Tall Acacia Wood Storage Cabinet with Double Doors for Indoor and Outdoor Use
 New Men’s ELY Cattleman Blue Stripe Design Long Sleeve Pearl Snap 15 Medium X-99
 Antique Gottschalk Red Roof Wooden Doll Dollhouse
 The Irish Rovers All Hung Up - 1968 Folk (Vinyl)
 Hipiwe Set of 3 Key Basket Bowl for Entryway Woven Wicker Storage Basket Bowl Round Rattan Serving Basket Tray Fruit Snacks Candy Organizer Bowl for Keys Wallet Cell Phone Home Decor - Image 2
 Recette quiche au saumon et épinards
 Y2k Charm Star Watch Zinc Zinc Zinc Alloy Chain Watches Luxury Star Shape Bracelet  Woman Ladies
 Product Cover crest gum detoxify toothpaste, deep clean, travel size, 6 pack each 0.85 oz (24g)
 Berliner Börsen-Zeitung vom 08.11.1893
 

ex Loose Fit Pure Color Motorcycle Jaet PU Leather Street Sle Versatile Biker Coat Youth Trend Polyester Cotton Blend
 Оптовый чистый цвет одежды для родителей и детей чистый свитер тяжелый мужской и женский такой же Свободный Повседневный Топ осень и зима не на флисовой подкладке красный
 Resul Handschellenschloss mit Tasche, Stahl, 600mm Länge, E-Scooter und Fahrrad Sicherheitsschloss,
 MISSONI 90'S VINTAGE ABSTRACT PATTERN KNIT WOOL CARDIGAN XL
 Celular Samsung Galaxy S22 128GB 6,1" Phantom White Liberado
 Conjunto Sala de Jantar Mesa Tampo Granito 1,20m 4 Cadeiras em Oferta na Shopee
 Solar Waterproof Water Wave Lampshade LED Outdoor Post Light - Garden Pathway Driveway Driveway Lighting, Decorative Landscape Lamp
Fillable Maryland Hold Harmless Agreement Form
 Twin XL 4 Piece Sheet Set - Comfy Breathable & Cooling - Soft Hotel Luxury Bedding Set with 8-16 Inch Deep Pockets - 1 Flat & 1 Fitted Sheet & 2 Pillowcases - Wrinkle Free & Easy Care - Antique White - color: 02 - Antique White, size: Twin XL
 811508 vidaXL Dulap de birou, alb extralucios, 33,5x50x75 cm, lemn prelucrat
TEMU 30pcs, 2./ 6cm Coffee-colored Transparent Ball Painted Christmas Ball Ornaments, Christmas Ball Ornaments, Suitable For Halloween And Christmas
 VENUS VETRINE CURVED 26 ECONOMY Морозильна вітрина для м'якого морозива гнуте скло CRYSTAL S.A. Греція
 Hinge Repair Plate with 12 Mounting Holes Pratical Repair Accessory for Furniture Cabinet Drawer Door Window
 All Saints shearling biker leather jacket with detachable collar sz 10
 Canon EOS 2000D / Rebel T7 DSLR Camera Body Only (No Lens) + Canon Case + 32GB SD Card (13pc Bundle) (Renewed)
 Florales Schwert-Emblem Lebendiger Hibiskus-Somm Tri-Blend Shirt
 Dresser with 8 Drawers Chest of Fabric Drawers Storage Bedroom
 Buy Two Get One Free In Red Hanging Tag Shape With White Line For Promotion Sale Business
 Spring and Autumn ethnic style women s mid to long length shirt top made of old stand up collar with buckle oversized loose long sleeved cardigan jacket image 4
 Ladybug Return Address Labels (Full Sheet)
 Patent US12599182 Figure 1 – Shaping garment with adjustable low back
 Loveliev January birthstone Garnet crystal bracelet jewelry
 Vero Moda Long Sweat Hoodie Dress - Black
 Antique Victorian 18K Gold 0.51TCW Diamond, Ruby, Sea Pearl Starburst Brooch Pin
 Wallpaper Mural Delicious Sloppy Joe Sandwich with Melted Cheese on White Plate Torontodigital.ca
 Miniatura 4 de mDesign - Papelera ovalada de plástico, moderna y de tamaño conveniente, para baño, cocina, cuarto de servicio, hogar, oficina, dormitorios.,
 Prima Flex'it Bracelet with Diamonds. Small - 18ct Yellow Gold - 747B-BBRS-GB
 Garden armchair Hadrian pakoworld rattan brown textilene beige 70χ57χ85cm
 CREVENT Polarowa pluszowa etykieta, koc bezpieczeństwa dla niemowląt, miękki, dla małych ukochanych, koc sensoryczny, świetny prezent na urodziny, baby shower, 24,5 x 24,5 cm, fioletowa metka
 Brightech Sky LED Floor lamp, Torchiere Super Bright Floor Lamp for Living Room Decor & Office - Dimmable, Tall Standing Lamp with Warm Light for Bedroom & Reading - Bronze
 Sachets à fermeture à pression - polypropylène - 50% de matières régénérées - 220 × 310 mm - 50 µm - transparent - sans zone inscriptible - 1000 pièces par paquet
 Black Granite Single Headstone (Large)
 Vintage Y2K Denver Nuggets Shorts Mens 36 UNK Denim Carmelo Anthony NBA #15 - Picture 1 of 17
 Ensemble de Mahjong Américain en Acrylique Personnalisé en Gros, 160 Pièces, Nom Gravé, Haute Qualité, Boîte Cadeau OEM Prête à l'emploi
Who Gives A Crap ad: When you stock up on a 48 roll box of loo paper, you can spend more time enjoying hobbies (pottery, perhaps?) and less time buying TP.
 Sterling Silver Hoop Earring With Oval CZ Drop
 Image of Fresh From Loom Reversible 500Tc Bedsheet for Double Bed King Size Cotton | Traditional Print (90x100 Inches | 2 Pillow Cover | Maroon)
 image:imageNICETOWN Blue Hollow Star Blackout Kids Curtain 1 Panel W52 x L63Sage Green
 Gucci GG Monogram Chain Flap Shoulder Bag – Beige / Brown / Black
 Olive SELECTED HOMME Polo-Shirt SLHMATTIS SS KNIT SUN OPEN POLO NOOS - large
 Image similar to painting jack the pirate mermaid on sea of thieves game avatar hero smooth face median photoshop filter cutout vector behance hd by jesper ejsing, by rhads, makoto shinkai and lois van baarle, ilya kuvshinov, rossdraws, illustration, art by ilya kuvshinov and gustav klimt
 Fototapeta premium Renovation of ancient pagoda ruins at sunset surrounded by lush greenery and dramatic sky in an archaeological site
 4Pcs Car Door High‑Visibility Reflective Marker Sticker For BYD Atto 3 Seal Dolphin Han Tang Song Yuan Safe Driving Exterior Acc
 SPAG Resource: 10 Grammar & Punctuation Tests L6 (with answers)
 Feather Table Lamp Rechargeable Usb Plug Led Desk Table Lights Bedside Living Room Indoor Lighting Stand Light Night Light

# [Exercise requirements]
Copy out the lines above word for word, stopping after the line containing "The Irish Rovers".

# [Reply to the task]
Tall Acacia Wood Storage Cabinet with Double Doors for Indoor and Outdoor Use
 New Men’s ELY Cattleman Blue Stripe Design Long Sleeve Pearl Snap 15 Medium X-99
 Antique Gottschalk Red Roof Wooden Doll Dollhouse
 The Irish Rovers All Hung Up - 1968 Folk (Vinyl)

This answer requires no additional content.